### Work to complete
When you reach the line containing "nha-hang-thaiexpress-indochina-plaza-hanoi-8" in the entries below, start writing out each line exactly, and stop after the line containing "168 North Beacon St, Brighton".

(Exercise inputs)

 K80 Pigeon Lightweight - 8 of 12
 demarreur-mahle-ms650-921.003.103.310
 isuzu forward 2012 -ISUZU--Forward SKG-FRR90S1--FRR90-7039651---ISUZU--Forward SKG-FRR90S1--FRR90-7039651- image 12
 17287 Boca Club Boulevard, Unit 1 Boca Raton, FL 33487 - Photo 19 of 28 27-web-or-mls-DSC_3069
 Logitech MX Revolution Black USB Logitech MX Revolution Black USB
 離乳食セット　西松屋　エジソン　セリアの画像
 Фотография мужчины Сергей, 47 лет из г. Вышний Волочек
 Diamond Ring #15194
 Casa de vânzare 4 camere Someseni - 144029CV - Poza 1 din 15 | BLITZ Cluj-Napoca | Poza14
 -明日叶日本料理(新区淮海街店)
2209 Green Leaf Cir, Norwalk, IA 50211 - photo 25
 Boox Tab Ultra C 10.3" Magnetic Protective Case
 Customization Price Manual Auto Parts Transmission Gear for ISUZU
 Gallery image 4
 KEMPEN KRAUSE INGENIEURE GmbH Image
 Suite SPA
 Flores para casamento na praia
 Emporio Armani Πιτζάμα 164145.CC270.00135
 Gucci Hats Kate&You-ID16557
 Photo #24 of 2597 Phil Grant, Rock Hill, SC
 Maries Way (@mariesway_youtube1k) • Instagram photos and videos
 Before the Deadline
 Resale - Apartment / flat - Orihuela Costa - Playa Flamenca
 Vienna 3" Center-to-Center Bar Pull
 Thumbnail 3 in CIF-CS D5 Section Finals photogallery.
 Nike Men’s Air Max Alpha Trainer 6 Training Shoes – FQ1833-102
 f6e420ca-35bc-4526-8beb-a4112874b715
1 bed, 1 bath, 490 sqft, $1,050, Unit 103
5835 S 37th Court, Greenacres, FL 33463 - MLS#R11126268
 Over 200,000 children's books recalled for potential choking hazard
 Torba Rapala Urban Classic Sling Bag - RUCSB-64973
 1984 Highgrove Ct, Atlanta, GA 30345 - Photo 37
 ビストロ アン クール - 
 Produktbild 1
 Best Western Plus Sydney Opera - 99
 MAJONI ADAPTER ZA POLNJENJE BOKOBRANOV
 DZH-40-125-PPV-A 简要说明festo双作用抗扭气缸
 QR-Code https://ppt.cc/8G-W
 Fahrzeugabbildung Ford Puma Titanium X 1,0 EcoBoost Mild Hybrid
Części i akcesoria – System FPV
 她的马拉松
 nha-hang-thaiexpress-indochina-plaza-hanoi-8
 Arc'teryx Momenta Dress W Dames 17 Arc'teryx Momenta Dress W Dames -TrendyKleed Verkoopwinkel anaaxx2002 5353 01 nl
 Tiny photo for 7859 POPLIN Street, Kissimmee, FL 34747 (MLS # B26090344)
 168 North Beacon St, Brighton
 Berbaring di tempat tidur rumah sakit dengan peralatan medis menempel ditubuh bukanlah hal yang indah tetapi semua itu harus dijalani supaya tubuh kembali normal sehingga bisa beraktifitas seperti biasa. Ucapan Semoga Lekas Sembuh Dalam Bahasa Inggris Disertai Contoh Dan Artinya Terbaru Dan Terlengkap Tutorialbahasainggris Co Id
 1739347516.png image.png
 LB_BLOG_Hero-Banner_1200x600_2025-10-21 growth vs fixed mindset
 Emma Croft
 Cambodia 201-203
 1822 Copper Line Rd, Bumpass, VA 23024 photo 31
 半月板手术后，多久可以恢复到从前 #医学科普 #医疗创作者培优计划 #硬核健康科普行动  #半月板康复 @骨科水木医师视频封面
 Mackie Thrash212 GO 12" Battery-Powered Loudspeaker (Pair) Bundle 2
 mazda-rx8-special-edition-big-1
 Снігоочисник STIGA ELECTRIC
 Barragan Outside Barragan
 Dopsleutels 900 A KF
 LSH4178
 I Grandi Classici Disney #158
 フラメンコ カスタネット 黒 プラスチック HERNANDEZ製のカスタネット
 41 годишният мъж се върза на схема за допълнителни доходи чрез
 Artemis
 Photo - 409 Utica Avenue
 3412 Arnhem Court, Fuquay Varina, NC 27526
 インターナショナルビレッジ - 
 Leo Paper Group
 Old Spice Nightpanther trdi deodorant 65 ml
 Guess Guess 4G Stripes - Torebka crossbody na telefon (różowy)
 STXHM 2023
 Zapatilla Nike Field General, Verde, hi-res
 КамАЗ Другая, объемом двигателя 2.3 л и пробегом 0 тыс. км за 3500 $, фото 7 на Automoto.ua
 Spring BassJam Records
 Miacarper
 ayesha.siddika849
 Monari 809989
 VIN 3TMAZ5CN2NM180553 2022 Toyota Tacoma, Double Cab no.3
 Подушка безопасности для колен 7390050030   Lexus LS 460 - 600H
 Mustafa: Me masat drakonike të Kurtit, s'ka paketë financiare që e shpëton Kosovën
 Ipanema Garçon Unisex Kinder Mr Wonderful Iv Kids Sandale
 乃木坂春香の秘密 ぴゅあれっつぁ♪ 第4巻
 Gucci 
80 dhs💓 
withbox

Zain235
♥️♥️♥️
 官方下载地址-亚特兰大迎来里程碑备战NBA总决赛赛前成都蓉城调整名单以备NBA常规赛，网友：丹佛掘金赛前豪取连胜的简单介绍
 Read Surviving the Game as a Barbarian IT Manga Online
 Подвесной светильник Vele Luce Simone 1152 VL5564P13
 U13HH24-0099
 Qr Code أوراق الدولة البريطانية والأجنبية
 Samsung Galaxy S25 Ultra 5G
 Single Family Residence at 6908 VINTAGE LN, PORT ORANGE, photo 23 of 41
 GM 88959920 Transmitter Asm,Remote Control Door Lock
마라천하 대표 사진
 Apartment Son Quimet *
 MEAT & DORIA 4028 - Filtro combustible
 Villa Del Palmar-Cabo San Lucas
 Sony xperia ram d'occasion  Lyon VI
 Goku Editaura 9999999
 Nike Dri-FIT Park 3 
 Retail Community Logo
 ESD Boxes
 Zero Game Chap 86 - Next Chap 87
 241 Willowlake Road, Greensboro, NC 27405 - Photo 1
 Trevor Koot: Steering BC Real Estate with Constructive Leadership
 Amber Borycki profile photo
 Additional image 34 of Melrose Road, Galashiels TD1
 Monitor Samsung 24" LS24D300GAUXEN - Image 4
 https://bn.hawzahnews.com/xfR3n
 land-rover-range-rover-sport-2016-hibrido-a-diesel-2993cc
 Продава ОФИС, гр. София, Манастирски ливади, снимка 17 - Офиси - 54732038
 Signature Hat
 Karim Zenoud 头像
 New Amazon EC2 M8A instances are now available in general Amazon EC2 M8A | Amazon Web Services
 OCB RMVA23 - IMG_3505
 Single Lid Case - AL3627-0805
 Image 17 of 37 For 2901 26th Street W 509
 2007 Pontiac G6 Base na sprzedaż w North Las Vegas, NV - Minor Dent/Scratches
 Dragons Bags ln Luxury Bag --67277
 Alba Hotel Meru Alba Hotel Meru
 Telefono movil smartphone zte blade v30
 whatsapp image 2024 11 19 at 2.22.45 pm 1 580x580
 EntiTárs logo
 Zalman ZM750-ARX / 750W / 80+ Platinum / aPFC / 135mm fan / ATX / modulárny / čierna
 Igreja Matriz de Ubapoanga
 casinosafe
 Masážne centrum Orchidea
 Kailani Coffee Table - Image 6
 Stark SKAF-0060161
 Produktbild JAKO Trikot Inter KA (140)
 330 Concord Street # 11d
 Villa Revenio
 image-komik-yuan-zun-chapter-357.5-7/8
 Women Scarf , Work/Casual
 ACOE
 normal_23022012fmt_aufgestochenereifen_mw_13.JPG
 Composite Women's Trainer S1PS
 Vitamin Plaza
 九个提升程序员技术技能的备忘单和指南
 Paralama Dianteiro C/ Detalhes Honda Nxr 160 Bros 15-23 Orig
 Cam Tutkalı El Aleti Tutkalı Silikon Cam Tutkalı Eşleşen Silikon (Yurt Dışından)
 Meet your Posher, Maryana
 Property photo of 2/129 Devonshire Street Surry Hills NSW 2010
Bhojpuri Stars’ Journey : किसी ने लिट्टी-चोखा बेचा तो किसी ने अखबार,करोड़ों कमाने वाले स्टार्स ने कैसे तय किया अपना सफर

(End Exercise inputs)

### Reply
 nha-hang-thaiexpress-indochina-plaza-hanoi-8
 Arc'teryx Momenta Dress W Dames 17 Arc'teryx Momenta Dress W Dames -TrendyKleed Verkoopwinkel anaaxx2002 5353 01 nl
 Tiny photo for 7859 POPLIN Street, Kissimmee, FL 34747 (MLS # B26090344)
 168 North Beacon St, Brighton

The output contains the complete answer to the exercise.